Enraged by leaks at his troubled Silicon Valley electric carmaker, CEO Elon Musk cooked up a sophisticated electronic scheme to catch the blabbers. It backfired hilariously on the brilliant entrepreneur, who’s a bit blabby himself.
Life for the employees at Tesla Motors has got more depressing over the last few months. Elon Musk is now spying on everyone.
The article then goes on to quote from a ‘trusted source’:
The inquisition began after an engineer named Peng Zhou revealed the company’s perilously low $9 million cash balance to Valleywag last October. Musk ordered a heavy-handed investigation. He hired an outside IT contractor go through the company’s email and instant messages, and then had an investigator take fingerprints off a printout discarded near a copier used to leak the email. The investigation implicated Zhou. Musk ordered Zhou to confess and apologize to the entire company, and then fired him.
In his latest witch hunt, which our tipster says took place recently, Musk set out to entrap potential leakers by sending each employee a slightly altered version of an email which he expected would get sent to the media. Musk began the memo, "I’m a big believer in trusting employees."

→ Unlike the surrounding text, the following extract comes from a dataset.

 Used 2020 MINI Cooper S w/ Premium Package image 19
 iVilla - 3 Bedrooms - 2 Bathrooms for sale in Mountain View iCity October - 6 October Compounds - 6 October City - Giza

By altering phrases scattered throughout the email — changing "I’m" to "I am," for example — a Tesla IT employee created individualized memos which would have a detectable "fingerprint" in the text. In the memo, Musk asked everyone to sign a new, stricter nondisclosure agreement. The agreement wasn’t the point of the email — it was just a ruse to catch the company’s leakers.
Absolutely riveting reading (apologies for the metal fabrication pun) and a damn good laugh. Well, he always wanted to be a poster boy — now he is.